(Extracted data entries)
☆ ☆ ☆ ☆ ☆

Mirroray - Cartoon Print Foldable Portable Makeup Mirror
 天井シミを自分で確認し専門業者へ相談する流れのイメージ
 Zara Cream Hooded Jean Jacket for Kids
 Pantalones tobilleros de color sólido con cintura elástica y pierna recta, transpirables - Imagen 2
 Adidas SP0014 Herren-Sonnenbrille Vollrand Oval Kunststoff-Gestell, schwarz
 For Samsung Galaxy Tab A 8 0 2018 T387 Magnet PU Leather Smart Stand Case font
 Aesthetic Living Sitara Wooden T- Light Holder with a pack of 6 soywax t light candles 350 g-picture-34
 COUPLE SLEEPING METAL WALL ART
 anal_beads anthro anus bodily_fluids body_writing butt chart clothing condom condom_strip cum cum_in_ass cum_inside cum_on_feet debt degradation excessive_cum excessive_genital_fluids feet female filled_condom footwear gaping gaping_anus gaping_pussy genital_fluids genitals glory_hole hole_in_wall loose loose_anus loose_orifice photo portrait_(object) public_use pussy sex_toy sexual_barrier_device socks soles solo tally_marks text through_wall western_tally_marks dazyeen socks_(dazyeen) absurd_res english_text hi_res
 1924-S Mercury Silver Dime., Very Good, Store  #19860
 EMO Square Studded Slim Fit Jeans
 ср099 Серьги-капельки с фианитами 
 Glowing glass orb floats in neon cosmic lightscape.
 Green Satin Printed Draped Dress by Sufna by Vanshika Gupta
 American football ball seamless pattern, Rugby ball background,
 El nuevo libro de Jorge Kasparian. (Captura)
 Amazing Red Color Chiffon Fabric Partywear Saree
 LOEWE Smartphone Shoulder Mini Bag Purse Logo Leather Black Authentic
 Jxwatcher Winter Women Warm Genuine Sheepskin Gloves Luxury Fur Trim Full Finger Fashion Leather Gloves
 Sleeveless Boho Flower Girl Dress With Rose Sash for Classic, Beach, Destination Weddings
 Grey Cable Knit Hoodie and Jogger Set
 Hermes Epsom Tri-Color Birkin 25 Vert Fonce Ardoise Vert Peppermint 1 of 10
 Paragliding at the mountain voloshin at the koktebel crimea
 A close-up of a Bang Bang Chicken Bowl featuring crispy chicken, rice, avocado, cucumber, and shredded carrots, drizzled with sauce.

☆ ☆ ☆ ☆ ☆

▸ WORK ORDER:
Quote only the stretch of lines that starts the data above and ends with the line containing "Adidas SP0014 Herren-Sonnenbrille", both included.

▸ RESPONSE:
Mirroray - Cartoon Print Foldable Portable Makeup Mirror
 天井シミを自分で確認し専門業者へ相談する流れのイメージ
 Zara Cream Hooded Jean Jacket for Kids
 Pantalones tobilleros de color sólido con cintura elástica y pierna recta, transpirables - Imagen 2
 Adidas SP0014 Herren-Sonnenbrille Vollrand Oval Kunststoff-Gestell, schwarz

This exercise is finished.